While Legere seems to enjoy Sprint's troubles, Sprint's owner Softbank and its outspoken leader Masayoshi Son (Son is CEO of Softbank and chairman of Sprint) has attempted to buy T-Mobile in the past, and there are rumors now that they may try again. A Sprint/T-Mobile merger would theoretically make the combined company stronger -- on more even footing with AT&T and Verizon -- but there are no guarantees that would happen. Sprint learned the hard way that people are loyal to their mobile phone brand and making changes can cause mass defections when it bought Nextel. That merger/mash-up never worked despite high hope when it happened. The same could occur if Sprint and T-Mobile were to join forces as the combined company would eventually have to go with one brand experience or the other.

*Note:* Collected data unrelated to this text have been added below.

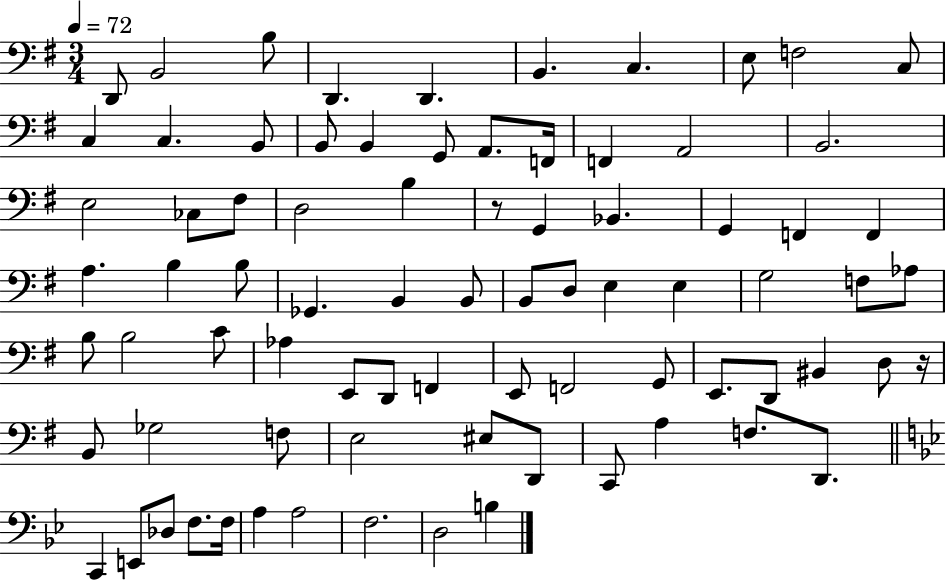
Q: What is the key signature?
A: G major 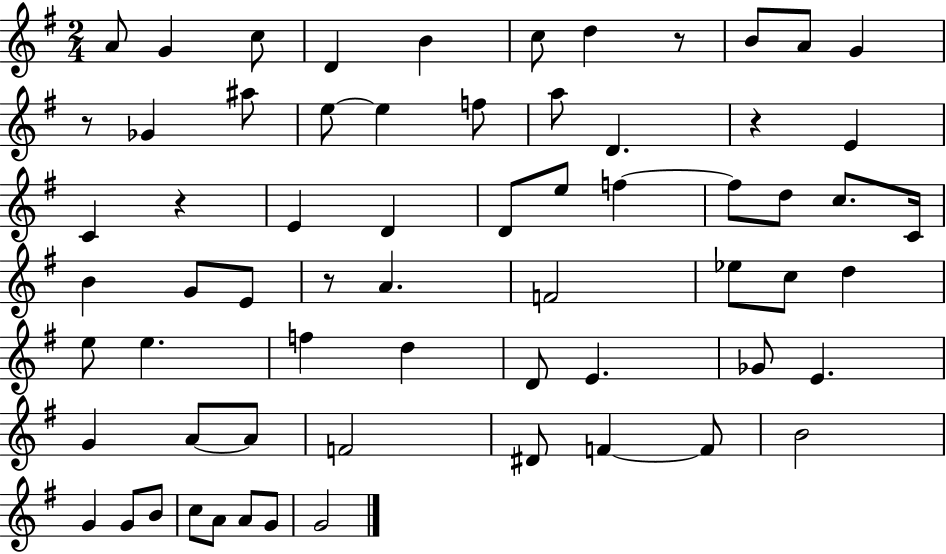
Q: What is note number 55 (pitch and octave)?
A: B4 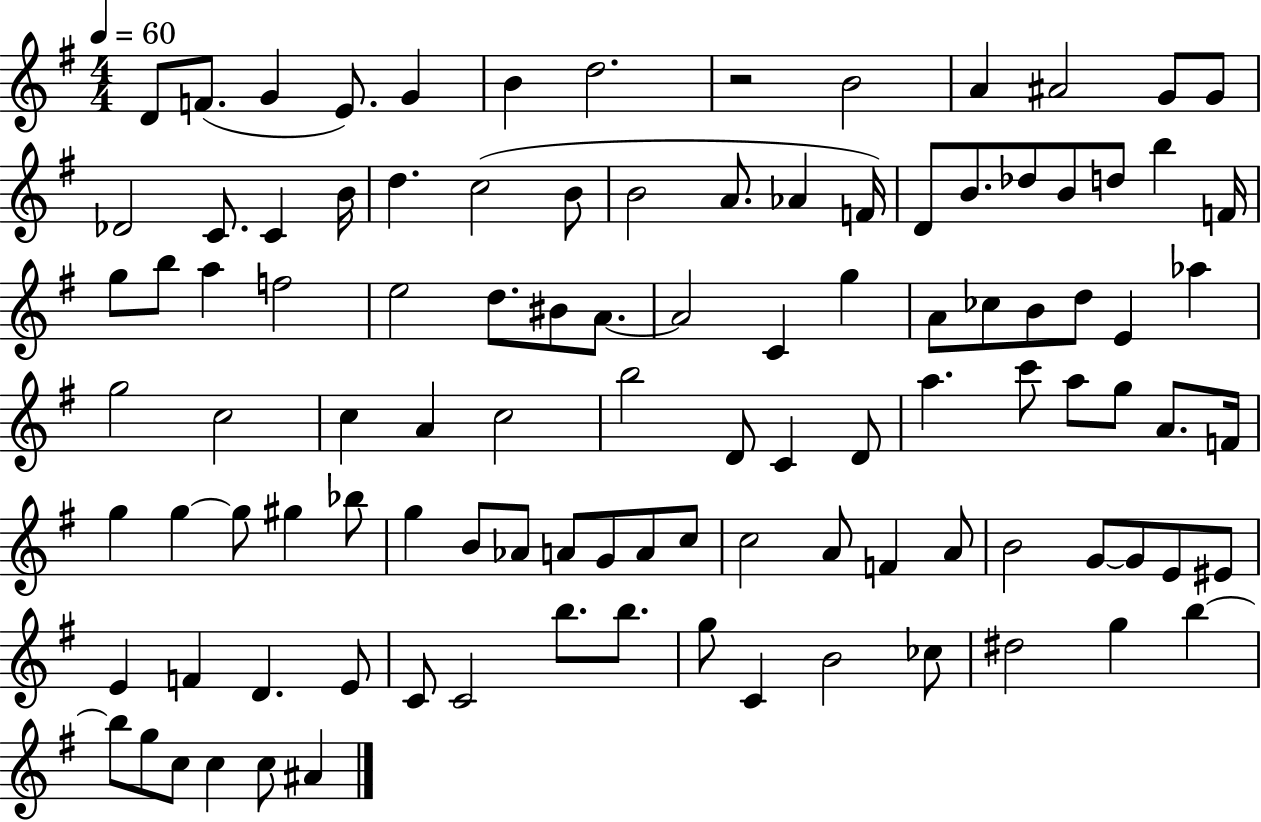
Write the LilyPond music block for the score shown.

{
  \clef treble
  \numericTimeSignature
  \time 4/4
  \key g \major
  \tempo 4 = 60
  \repeat volta 2 { d'8 f'8.( g'4 e'8.) g'4 | b'4 d''2. | r2 b'2 | a'4 ais'2 g'8 g'8 | \break des'2 c'8. c'4 b'16 | d''4. c''2( b'8 | b'2 a'8. aes'4 f'16) | d'8 b'8. des''8 b'8 d''8 b''4 f'16 | \break g''8 b''8 a''4 f''2 | e''2 d''8. bis'8 a'8.~~ | a'2 c'4 g''4 | a'8 ces''8 b'8 d''8 e'4 aes''4 | \break g''2 c''2 | c''4 a'4 c''2 | b''2 d'8 c'4 d'8 | a''4. c'''8 a''8 g''8 a'8. f'16 | \break g''4 g''4~~ g''8 gis''4 bes''8 | g''4 b'8 aes'8 a'8 g'8 a'8 c''8 | c''2 a'8 f'4 a'8 | b'2 g'8~~ g'8 e'8 eis'8 | \break e'4 f'4 d'4. e'8 | c'8 c'2 b''8. b''8. | g''8 c'4 b'2 ces''8 | dis''2 g''4 b''4~~ | \break b''8 g''8 c''8 c''4 c''8 ais'4 | } \bar "|."
} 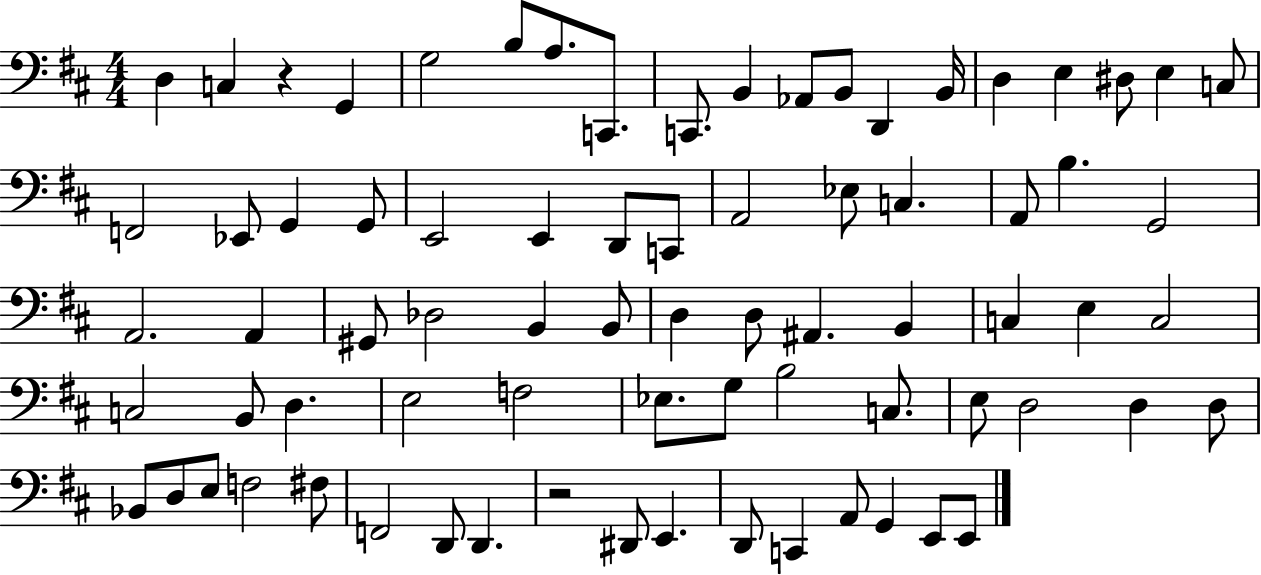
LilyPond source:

{
  \clef bass
  \numericTimeSignature
  \time 4/4
  \key d \major
  d4 c4 r4 g,4 | g2 b8 a8. c,8. | c,8. b,4 aes,8 b,8 d,4 b,16 | d4 e4 dis8 e4 c8 | \break f,2 ees,8 g,4 g,8 | e,2 e,4 d,8 c,8 | a,2 ees8 c4. | a,8 b4. g,2 | \break a,2. a,4 | gis,8 des2 b,4 b,8 | d4 d8 ais,4. b,4 | c4 e4 c2 | \break c2 b,8 d4. | e2 f2 | ees8. g8 b2 c8. | e8 d2 d4 d8 | \break bes,8 d8 e8 f2 fis8 | f,2 d,8 d,4. | r2 dis,8 e,4. | d,8 c,4 a,8 g,4 e,8 e,8 | \break \bar "|."
} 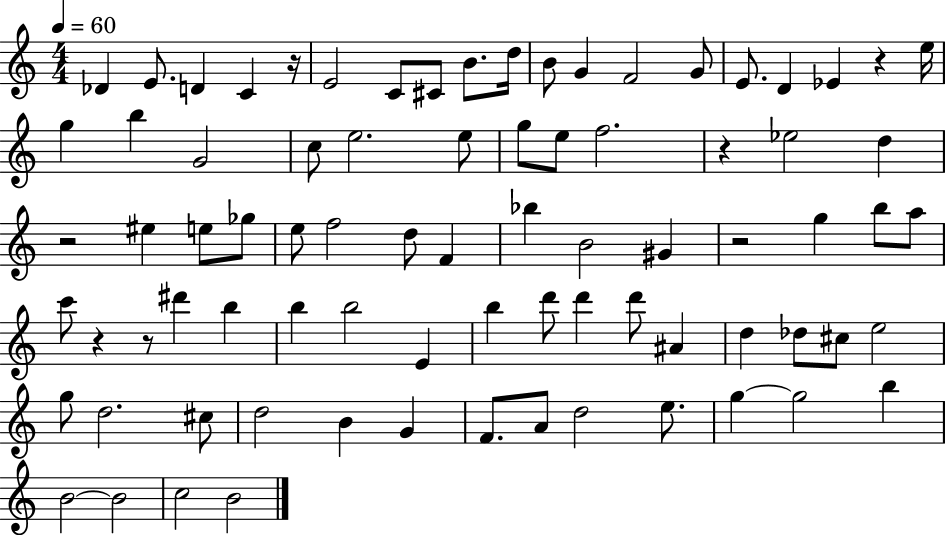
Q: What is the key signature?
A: C major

It's possible a merger would be bigger and better able to compete, but it's likely that a merger would also send some (maybe a lot) of customers to AT&T, Verizon, or one of the niche players in the field. A merger also seems unlikely -- even if it's for the best -- because T-Mobile has denied being interested. That might make sense as it appears the company can steal Sprint customers and become a bigger player all on its own.
T-Mobile is a threat to Sprint
T-Mobile is pushing itself as an industry outsider that does things differently and that has likely hurt Sprint, which until Framily was really just a "me too" carrier. T-Mobile has lower plan prices (in general) and offers a wider range of phones than Sprint does. The company also has edge that appeals to customers looking to make a change It seems likely that the rhetoric and aggressive pricing from T-Mobile and the reactive moves from AT&T have cost Sprint subscribers.
The encouraging Framily numbers however suggest that Sprint now has a weapon to fight back, That's probably not enough and Sprint likely needs answers that don't involve bugging friends and family to join up with you, but it's a start. T-Mobile is likely hurting Sprint but the early signs of a turnaround that creates a real, four-way battle are evident.